In future, non-Swiss companies will be able to run public transport services in Switzerland, under the new agreement signed between the country and the EU. However, before we worry that the cantons will become awash with FlixTrains and Deutsche Bahn ICEs, companies that run in the alpine nation would be subject to strict rules.
In a statement, the Federal Council confirmed that Switzerland would be opening up its rail network to companies from abroad. The agreement forms part of the much larger framework agreement between Switzerland and the EU, which was concluded at the end of last year.
As it stands, EU companies are allowed to run international rail services in Switzerland, provided they collaborate with Swiss Federal Railways (SBB). These joint services include the TGV Lyria trains between Zurich, Basel, Geneva, Lausanne and cities in France, Deutsche Bahn ICE and EuroCity trains between Swiss and German cities, Austrian ÖBB day and night trains and Trenitalia routes to Italy.
Under the plans, EU rail companies would be allowed to operate independently of SBB on routes within Switzerland. It is currently unclear whether the agreement also allows SBB to operate freely in the EU.
The news is likely to be well received by EU providers, as both they and SBB are already planning to dramatically expand international rail routes in Switzerland. For instance, Deutsche Bahn has signalled its intention to rapidly increase the number of routes between Germany and Italy via the Swiss mountains, while super-budget provider FlixTrain hopes to extend its services from Berlin and Munich to Zurich, once the Swiss-EU agreement is signed.
However, the prospect of EU trains running on the Swiss network may make some nervous. For one, Deutsche Bahn trains remain the most frequently delayed services in Switzerland, to the point that any German long-distance train that arrives at the Swiss border with a 10 to 15 minute delay is cancelled after it reaches Basel.
With budget providers also expected to launch in Switzerland, unions fear that workers will be replaced by those from abroad, and that those who do operate the lines will not be paid a proper wage. Therefore, the Federal Council has also announced several restrictions on international providers.

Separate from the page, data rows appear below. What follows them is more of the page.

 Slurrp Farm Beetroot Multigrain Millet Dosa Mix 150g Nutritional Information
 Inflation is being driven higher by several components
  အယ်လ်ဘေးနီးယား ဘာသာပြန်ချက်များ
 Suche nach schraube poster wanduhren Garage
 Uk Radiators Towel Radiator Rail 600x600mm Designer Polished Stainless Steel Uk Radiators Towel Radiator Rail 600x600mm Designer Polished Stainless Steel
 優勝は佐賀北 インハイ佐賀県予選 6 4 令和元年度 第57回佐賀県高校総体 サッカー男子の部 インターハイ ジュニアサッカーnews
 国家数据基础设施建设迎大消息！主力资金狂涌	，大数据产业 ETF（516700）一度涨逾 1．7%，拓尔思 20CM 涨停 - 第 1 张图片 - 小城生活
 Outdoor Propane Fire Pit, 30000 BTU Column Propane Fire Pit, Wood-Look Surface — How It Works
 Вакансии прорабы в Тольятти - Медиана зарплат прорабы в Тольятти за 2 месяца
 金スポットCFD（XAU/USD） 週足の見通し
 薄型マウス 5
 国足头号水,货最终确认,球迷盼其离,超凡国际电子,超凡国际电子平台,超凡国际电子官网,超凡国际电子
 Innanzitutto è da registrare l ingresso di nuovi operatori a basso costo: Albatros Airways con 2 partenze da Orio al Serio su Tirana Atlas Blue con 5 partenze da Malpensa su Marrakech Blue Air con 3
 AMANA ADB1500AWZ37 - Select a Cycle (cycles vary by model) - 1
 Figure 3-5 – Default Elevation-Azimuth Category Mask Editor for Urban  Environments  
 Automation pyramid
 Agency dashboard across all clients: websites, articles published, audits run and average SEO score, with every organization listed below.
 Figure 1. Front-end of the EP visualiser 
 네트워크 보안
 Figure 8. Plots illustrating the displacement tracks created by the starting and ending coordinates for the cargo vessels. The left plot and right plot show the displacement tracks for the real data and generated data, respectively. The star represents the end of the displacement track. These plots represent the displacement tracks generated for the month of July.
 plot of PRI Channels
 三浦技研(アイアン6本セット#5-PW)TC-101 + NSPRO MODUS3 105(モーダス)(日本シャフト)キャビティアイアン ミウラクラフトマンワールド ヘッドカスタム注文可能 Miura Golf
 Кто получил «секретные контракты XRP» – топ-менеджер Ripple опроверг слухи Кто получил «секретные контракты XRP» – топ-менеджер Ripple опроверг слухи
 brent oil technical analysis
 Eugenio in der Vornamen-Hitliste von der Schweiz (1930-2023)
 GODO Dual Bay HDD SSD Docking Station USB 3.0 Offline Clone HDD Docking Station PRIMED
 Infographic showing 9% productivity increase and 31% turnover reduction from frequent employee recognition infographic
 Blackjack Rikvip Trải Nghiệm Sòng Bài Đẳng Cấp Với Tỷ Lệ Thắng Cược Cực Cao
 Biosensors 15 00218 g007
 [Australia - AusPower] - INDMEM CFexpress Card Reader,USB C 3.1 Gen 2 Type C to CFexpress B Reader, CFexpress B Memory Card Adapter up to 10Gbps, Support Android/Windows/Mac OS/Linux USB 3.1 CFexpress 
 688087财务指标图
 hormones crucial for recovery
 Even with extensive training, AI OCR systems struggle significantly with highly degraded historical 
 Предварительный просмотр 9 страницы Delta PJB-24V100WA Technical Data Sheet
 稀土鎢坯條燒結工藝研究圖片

First, international train companies can only run services in Switzerland where the capacity of the network allows, and these routes must not affect the punctuality of SBB or freight trains. European providers must also adhere to the Swiss system of ticketing and must recognise half-fare and GA passes on routes within Switzerland.
To placate the unions, all workers who operate the routes in Switzerland must adhere to local laws on working hours and labour rights. Crucially, they must be paid the standard salary in Switzerland for a railway worker, agreed as part of SBB’s collective labour agreement.
For now, the plan hinges on the new framework agreement between Switzerland and the EU being passed. Once it is considered, the deal is expected to be voted on in one or more referendums, which are expected to be held in 2027.